What needs to be done:
Take the entries below and write them out exactly, with each picture removed.
***
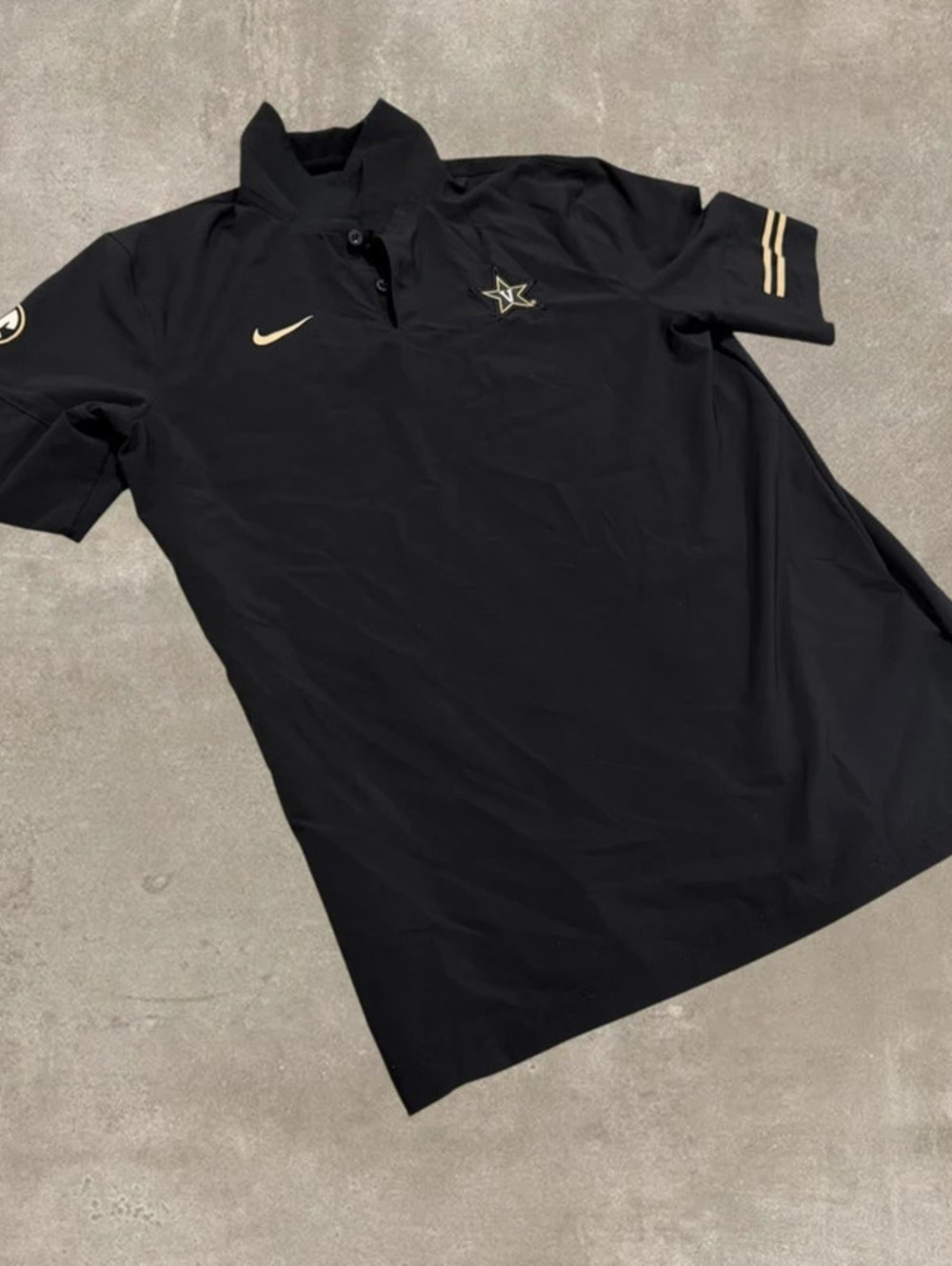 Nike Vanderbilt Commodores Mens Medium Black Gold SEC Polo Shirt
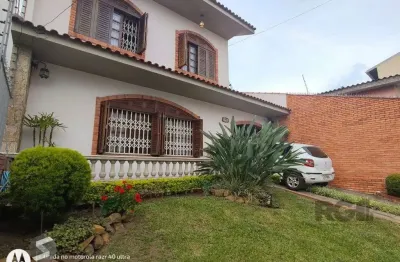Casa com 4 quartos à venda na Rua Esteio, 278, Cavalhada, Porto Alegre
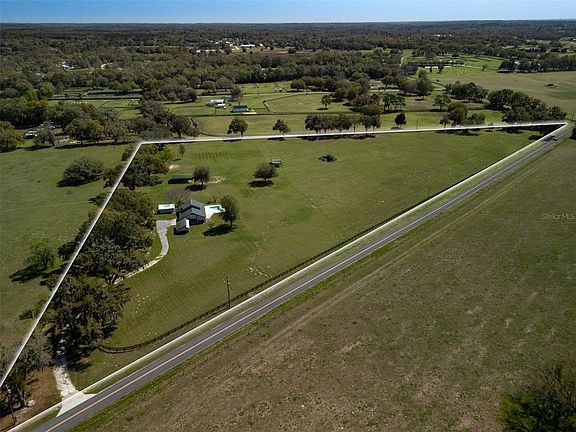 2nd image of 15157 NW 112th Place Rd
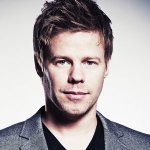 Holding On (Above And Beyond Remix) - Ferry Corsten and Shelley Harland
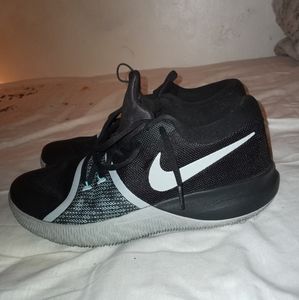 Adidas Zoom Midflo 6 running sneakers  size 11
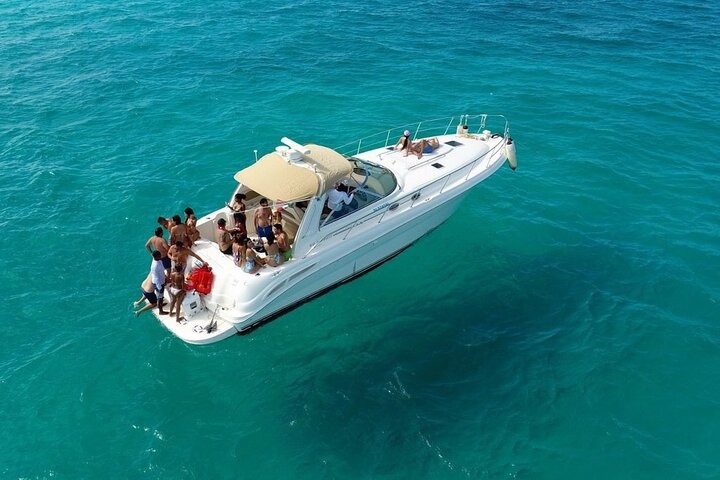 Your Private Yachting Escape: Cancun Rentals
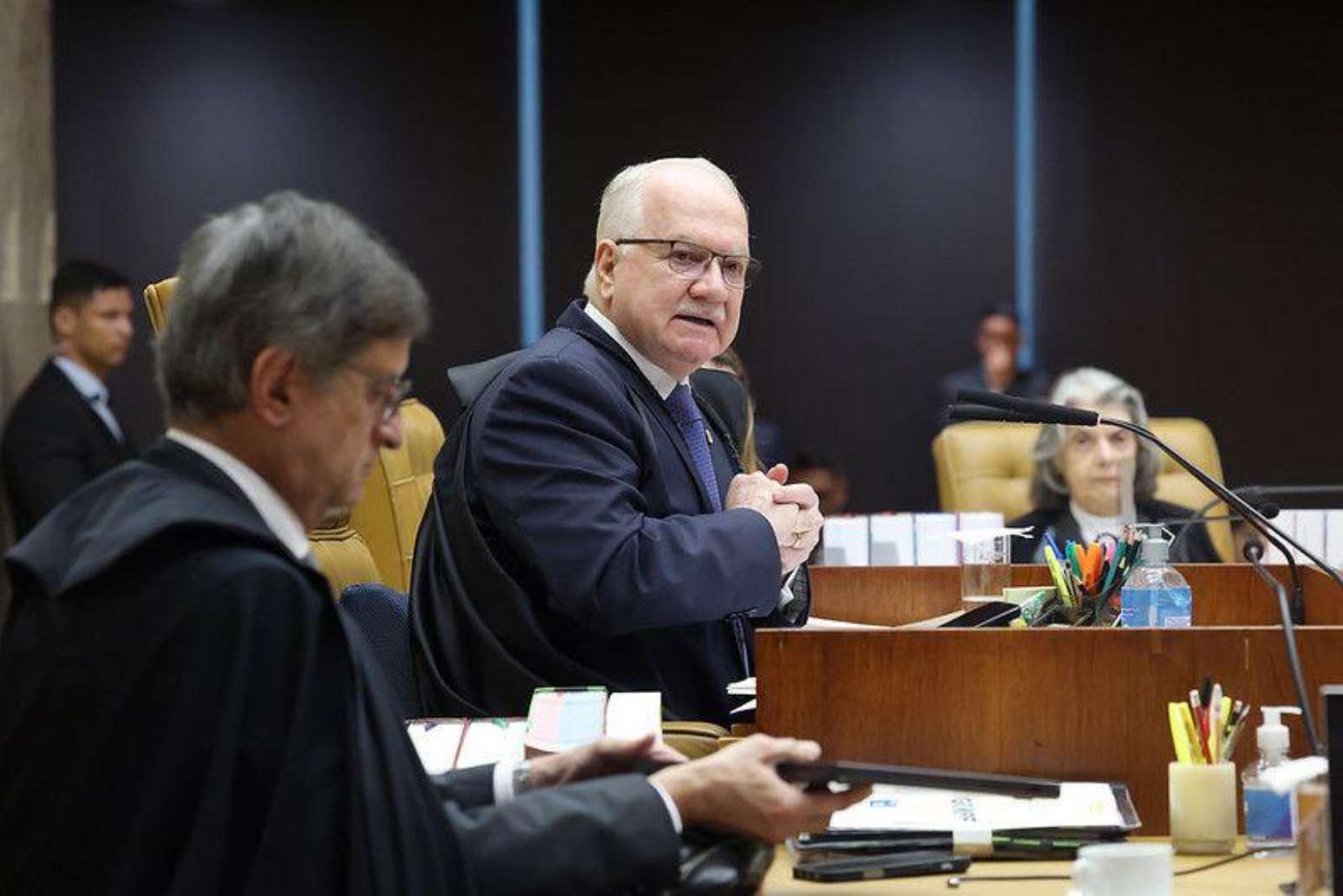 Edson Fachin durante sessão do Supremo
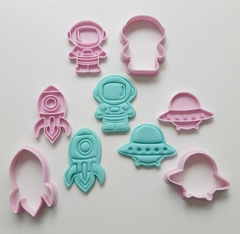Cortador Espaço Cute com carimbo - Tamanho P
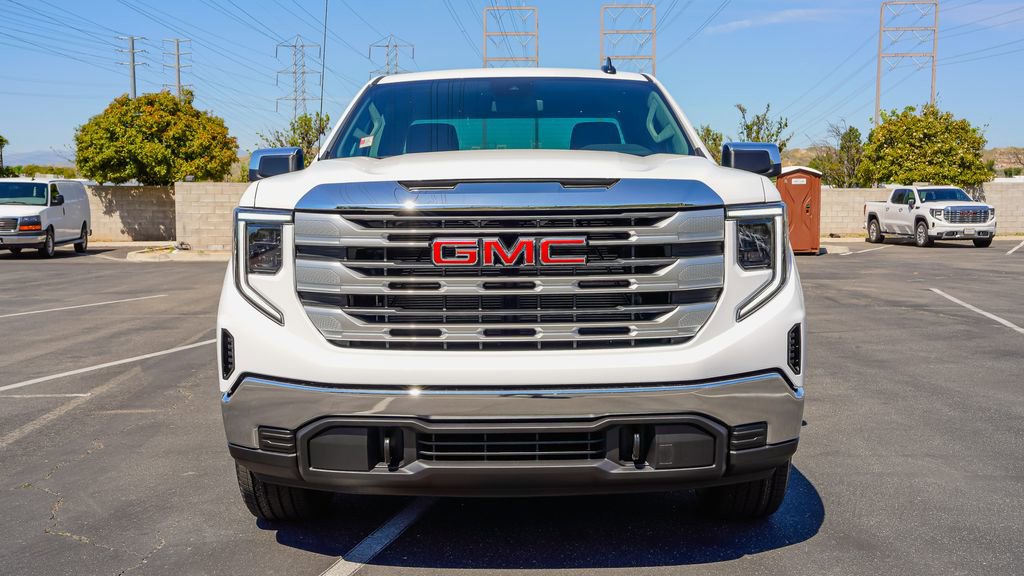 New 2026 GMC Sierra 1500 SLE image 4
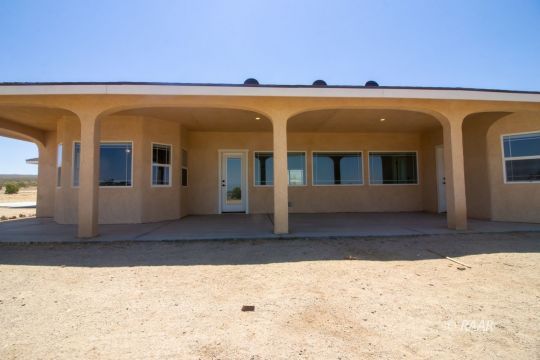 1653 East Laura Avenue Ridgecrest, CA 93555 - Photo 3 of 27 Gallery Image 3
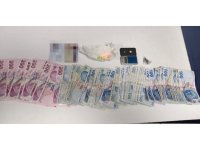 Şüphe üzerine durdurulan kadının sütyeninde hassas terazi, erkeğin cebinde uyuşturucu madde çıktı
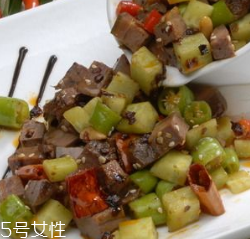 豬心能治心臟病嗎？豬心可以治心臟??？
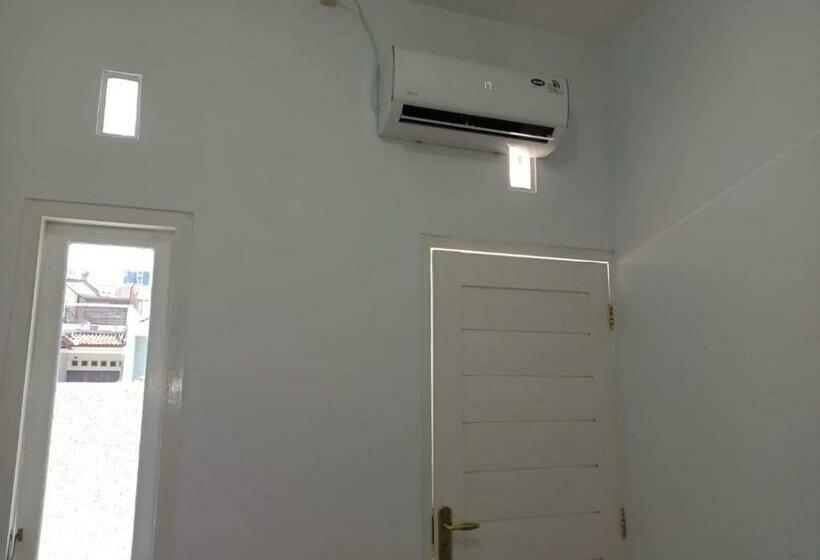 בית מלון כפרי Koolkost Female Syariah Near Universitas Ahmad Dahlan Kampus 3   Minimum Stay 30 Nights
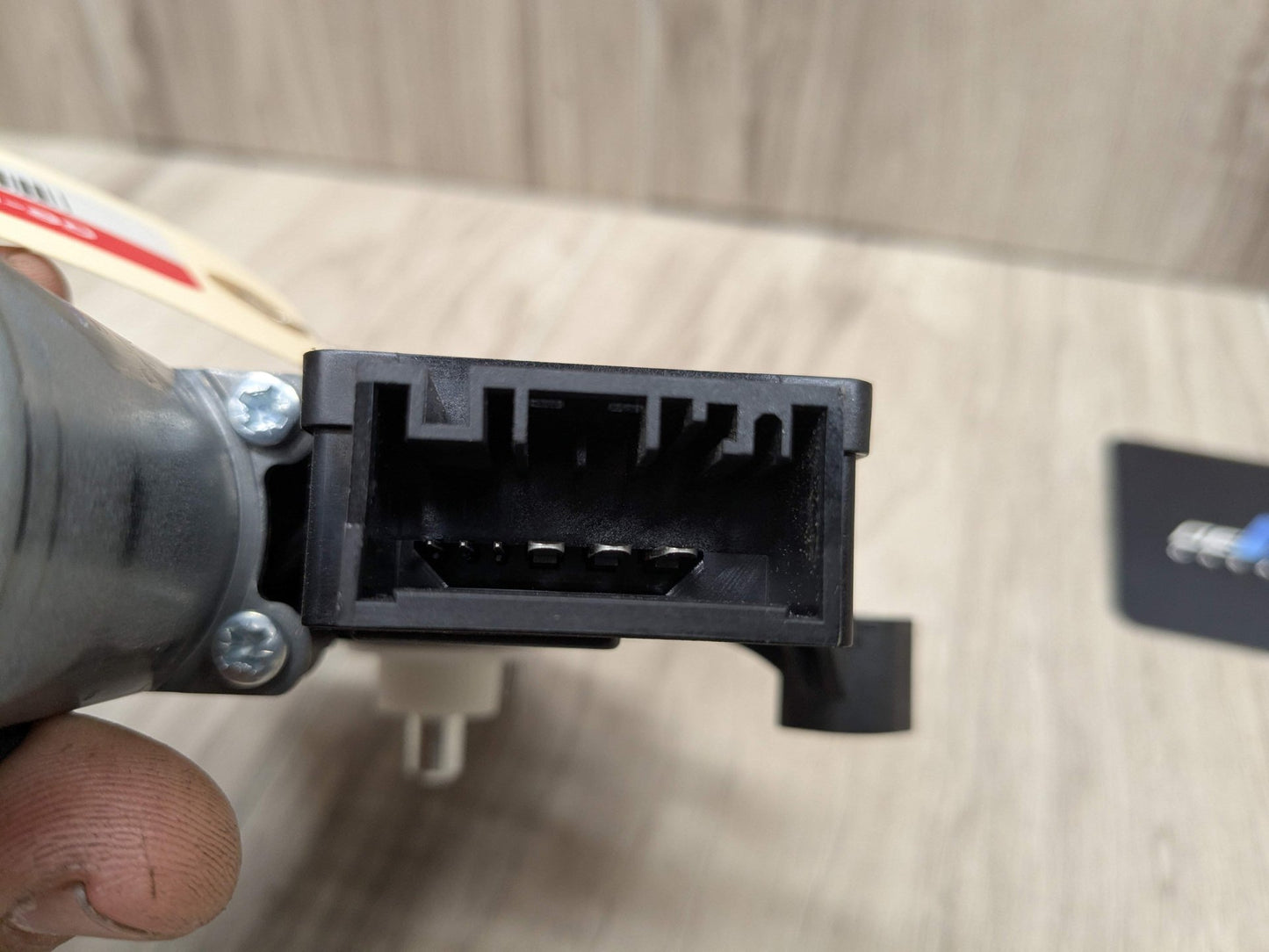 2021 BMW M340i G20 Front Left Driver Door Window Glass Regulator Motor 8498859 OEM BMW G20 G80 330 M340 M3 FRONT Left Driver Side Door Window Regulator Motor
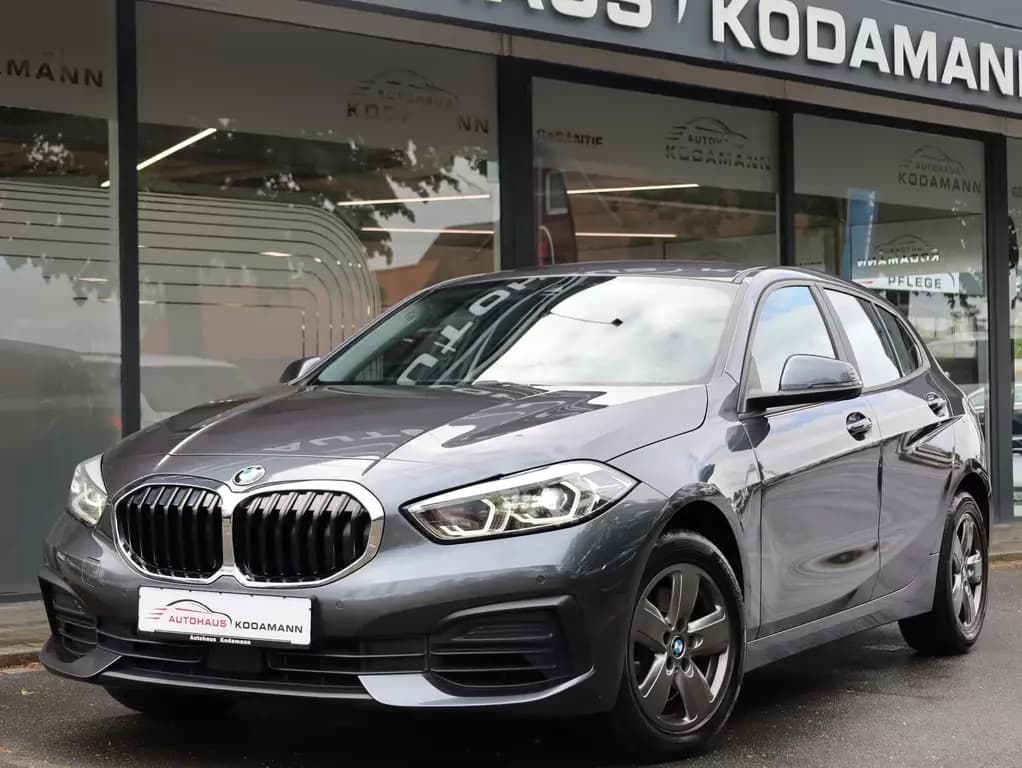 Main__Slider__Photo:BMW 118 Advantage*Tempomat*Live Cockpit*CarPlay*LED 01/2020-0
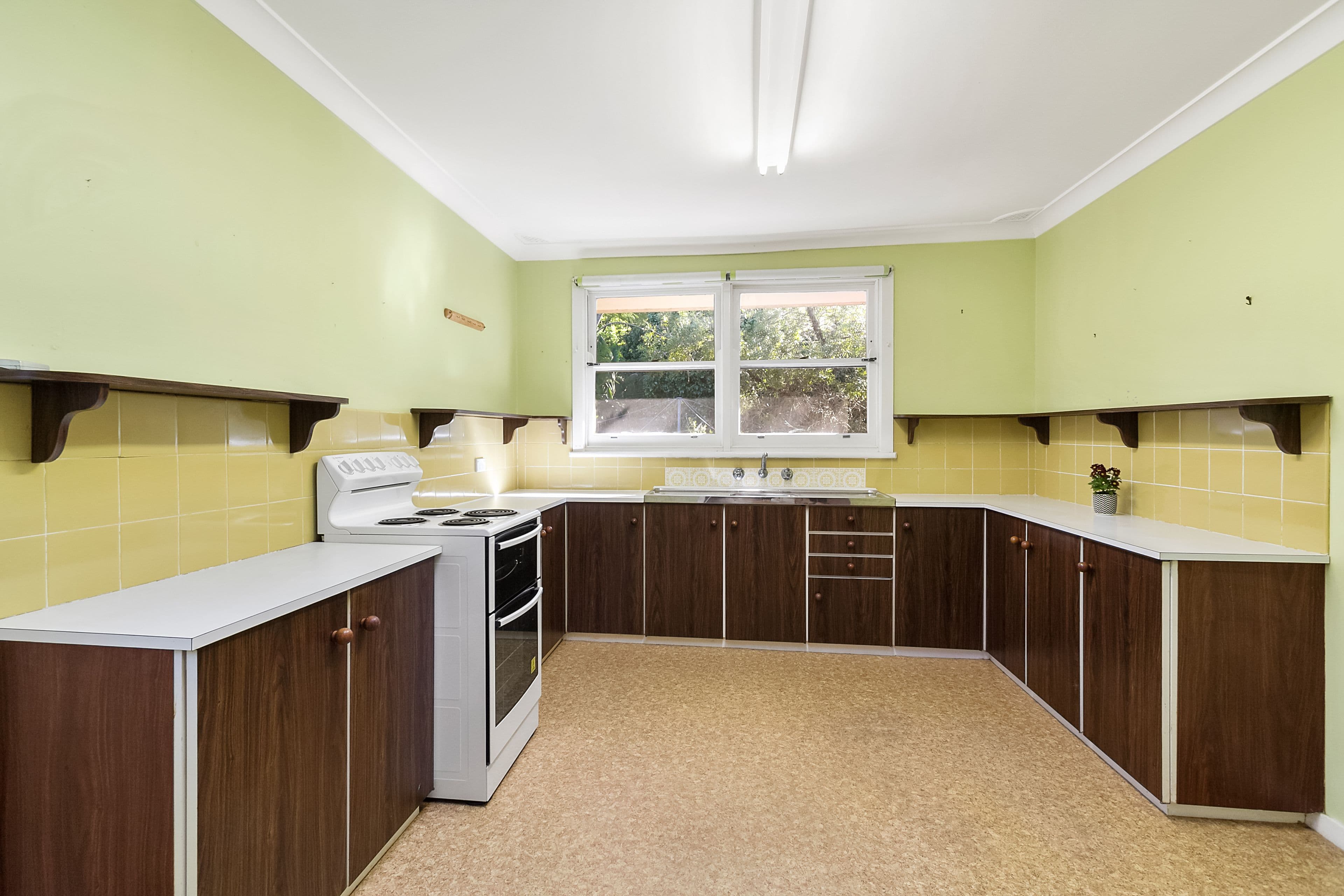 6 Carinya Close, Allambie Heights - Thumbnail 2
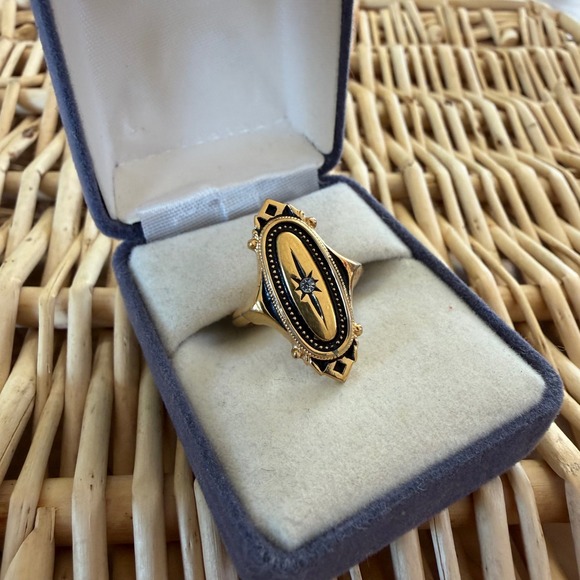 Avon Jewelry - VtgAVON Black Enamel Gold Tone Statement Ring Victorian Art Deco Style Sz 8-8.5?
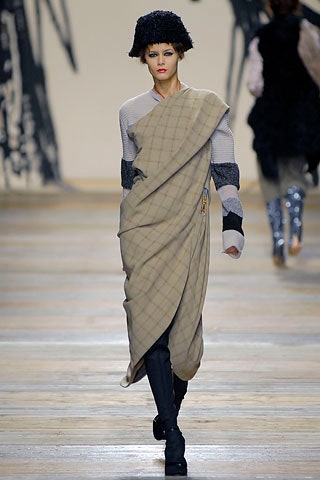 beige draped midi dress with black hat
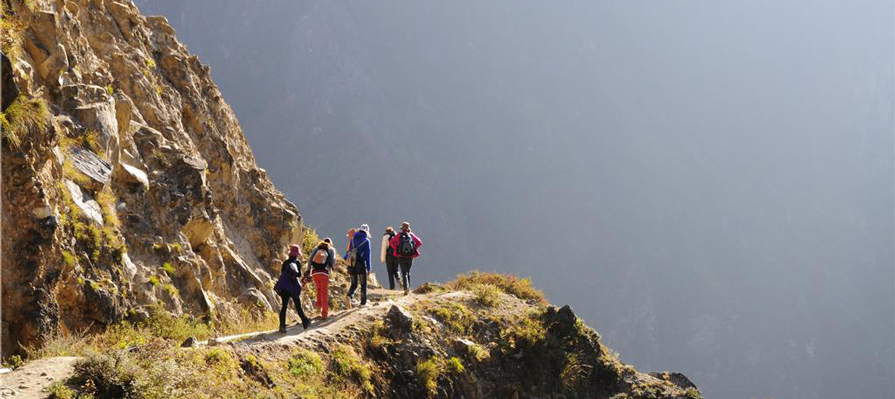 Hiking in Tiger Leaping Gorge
***
Solved exercise:
 Nike Vanderbilt Commodores Mens Medium Black Gold SEC Polo Shirt
Casa com 4 quartos à venda na Rua Esteio, 278, Cavalhada, Porto Alegre
 2nd image of 15157 NW 112th Place Rd
 Holding On (Above And Beyond Remix) - Ferry Corsten and Shelley Harland
 Adidas Zoom Midflo 6 running sneakers  size 11
 Your Private Yachting Escape: Cancun Rentals
 Edson Fachin durante sessão do Supremo
Cortador Espaço Cute com carimbo - Tamanho P
 New 2026 GMC Sierra 1500 SLE image 4
 1653 East Laura Avenue Ridgecrest, CA 93555 - Photo 3 of 27 Gallery Image 3
 Şüphe üzerine durdurulan kadının sütyeninde hassas terazi, erkeğin cebinde uyuşturucu madde çıktı
 豬心能治心臟病嗎？豬心可以治心臟??？
 בית מלון כפרי Koolkost Female Syariah Near Universitas Ahmad Dahlan Kampus 3   Minimum Stay 30 Nights
 2021 BMW M340i G20 Front Left Driver Door Window Glass Regulator Motor 8498859 OEM BMW G20 G80 330 M340 M3 FRONT Left Driver Side Door Window Regulator Motor
 Main__Slider__Photo:BMW 118 Advantage*Tempomat*Live Cockpit*CarPlay*LED 01/2020-0
 6 Carinya Close, Allambie Heights - Thumbnail 2
 Avon Jewelry - VtgAVON Black Enamel Gold Tone Statement Ring Victorian Art Deco Style Sz 8-8.5?
 beige draped midi dress with black hat
 Hiking in Tiger Leaping Gorge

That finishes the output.